THE DATA:
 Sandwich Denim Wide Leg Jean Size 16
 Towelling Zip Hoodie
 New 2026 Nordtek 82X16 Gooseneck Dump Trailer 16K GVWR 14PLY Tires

AIM OF THE TASK: Every line of the material needs to be returned exactly.

TASK OUTPUT:
 Sandwich Denim Wide Leg Jean Size 16
 Towelling Zip Hoodie
 New 2026 Nordtek 82X16 Gooseneck Dump Trailer 16K GVWR 14PLY Tires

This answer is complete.